A: Yes. It’s a bespoke UK citizenship by investment program where, through a £200 000 investment into the UK, you can obtain UK residency for you and your family and ultimately citizenship – if all the requirements are met. In short, we match investor skills and experience with a range of pre-approved business investment opportunities whilst meeting the UK Tier 1 (Entrepreneur) visa qualifying criteria.

Q: You said it costs about £200 000?

A: Yes. That’s the capital investment you have to make into either a new or an existing UK business.

Q: How long is the visa valid for? You can basically qualify for UK citizenship afterwards, so can your whole family then also qualify for that?

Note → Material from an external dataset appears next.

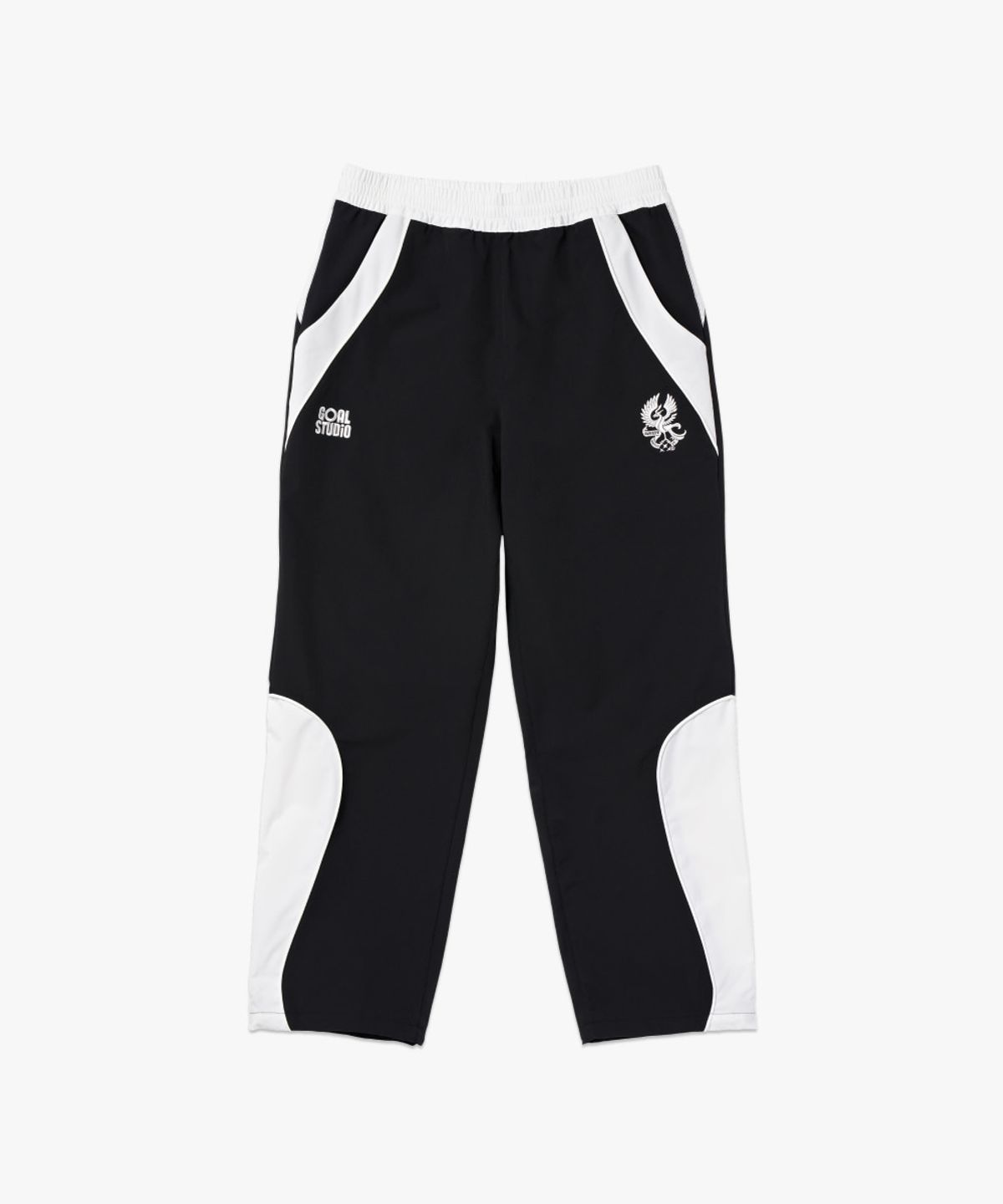 골스튜디오(GOALSTUDIO) GFC 26 PIPING TRACK PANTS-BLACK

A: Yes, absolutely. You can take your entire family, as long as they are dependents, with you. Your initial visa is granted for 3 years and 2 months, at which stage you would extend. If you meet those requirements, that extension is to 5 years. You then get indefinite leave to remain and once you’ve been a permanent resident for 5 years and you’ve held your indefinite leave to remain for 12 months, you’re able to apply for citizenship.

Q: You said that Sable International matches up the applicants with businesses. Can you tell us a little bit more about how that process works?

A: We’ve partnered with a private equity firm and they specialise in obtaining foreign direct investment into the UK. They have a number of businesses – investee businesses – that are actively seeking foreign direct investment. What we then do (together with our partners) is we match an individual’s skills and their experience with those businesses’ needs, because you have to match your skills with the business in order to qualify for the visa.

Q: How easy or difficult is it to get this visa compared to other, similar European visas, for example?

A: My recommendation would be to use a skilled immigration advisor. You do have to jump through some hoops in order to achieve it as it’s not straightforward. You have to apply a genuine test etc., but if you meet the capital amount and you’ve got a decent advisor, you’ll be able to get your visa.

Q: What is the rationale from the UK side to dole out visas like this? What is their main motivation behind it?

A: They’re looking for foreign direct investment into the United Kingdom, so they have a number of different Tier 1 investor visas, of which the entrepreneur visa is one of them.

Q: Is this one way in which the UK brings in a lot of foreign expertise, despite the advent of Brexit?

A: Absolutely, they’re bringing in the investment and they’re bringing in the skills.

Q: What has the reception been like from South African citizens?

A: The interest has been big. This visa has been around for quite some time, since 2008, but in the last few months the last 8 or 9 months, given our political climate and our economic instability, there’s been a huge increase in interest across all our visa categories. Generally, people are looking to emigrate.

Q: Can you maybe tell me about some of your other visa categories as well then?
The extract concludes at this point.